Earlier this year, the remaining three companies complained about staggering losses, each exceeding $100 million during the first year: AmeriHealth Caritas nearly $300 million; Amerigroup Iowa, $133 million and UnitedHealthcare of the River Valley more than $100 million.

Now AmeriHealth Caritas is gone, too.

The Philadelphia-based company managed care for 215,000, including most of the severely disabled. Its departure followed a dispute with the Iowa Department of Human Services, which wouldn’t provide the data to justify Medicaid payment rates.

According to the Des Moines Register, AmeriHealth market president Cheryl Harding wrote then-DHS Director Chuck Palmer in June that the state’s rates “do not support a sustainable Medicaid managed-care program.”

The dispute focused on 11,250 people in the Intellectual Disability Waiver program requiring expensive services, including adult daycare to remain at home. Based on a consultant’s report, AmeriHealth - which managed 80 percent of that group - maintained it was shorted $53 million for nine months in 2016.

On the other hand, AmeriHealth didn’t make a great impression.

It had threatened to stop reimbursing the 2,000 physicians and practitioners in the Mercy Health Network, a group of Catholic hospitals and clinics including Covenant Medical Center in Waterloo and Sartori Memorial Hospital in Cedar Falls.

Neal Siegel, a former West Liberty financial consultant who suffered severe brain injuries after a hit-and-run bicycle crash, sued the state after AmeriHealth cut his home health-care reimbursement from more than $7,000 to nearly $3,000. Six other Medicaid recipients are part of that action.

Amerigroup has informed the state it can’t take any AmeriHealth’s patients, which - even if UnitedHealthcare can - violates federal rules requiring more than one option.

Meanwhile, privatization complaints have abounded, including the failure to pay providers in a timely fashion and cuts in services. During a three-month period ending last March, they soared from 343 to 1,268.
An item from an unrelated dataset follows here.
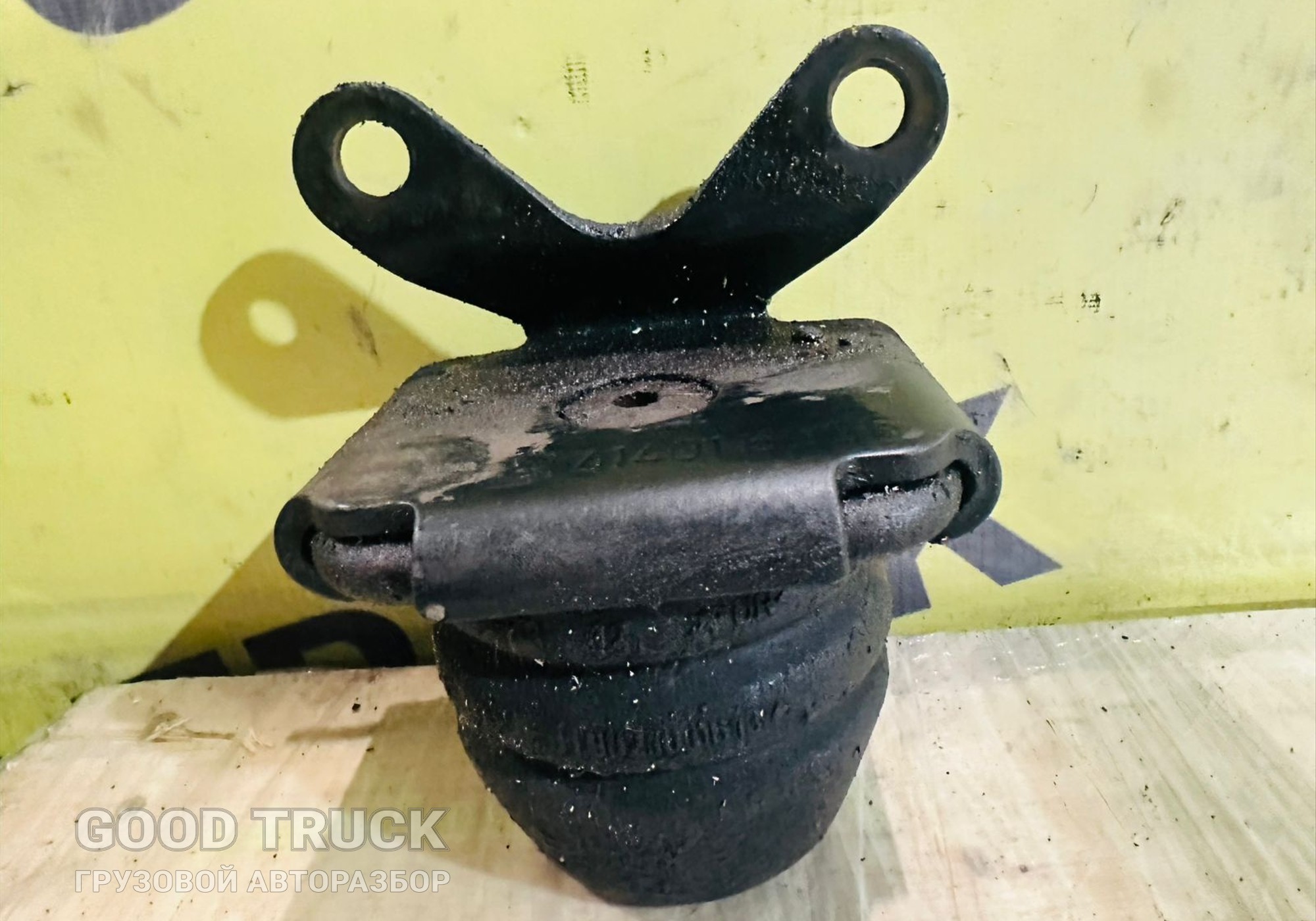 81414016036 Отбойник передней рессоры для Man TGS I (с 2007)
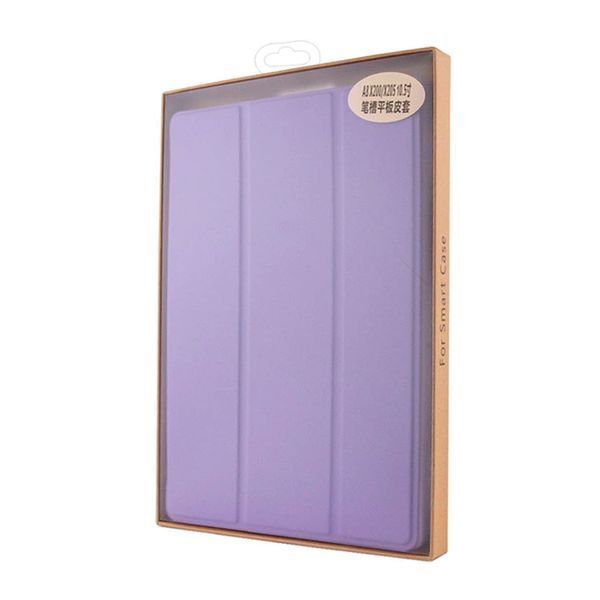 Чохол планшет Samsung Tab A9 8.7d light purple 46468 фото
Earlier this month, UnityPoint Health, which includes Allen Hospital in Waterloo, notified its nearly 54,000 Medicaid patients they could need new health-care providers because of a contract impasse with Amerigroup. (The Mercy Health Network resolved contract differences with AmeriHealth last spring after warning its 123,000 Medicaid patients.)

Now the DHS has given the Medicaid reins to Michael Randol, formerly head of KanCare, Kansas’ privatized Medicaid program, which the Obama administration determined was “substantially out of compliance.”

The Wichita Eagle reported, “The state’s failure to ensure effective oversight of the program put the lives of enrollees at risk and made it difficult for them to navigate their benefits, the investigators found. They cited concerns about the transparency and effectiveness.”

Among the findings, “Public feedback consistently describes a lack of engagement and adversarial communication from the state.”

Republican Gov. Sam Brownback blamed political bias, but Rachelle Colombo, the Kansas Medical Society’s director of government affairs, disagreed. “These are not new issues that are being brought to light. They deserve serious reconciliation,” she said.

That doesn’t inspire confidence in Randol, aside from Kansas’ mind-boggling governmental incompetence.

With Gov. Kim Reynolds predicting, “We are anticipating another tough budget year,” it will be imperative for privatization supporters to right the Medicaid ship as soon as possible.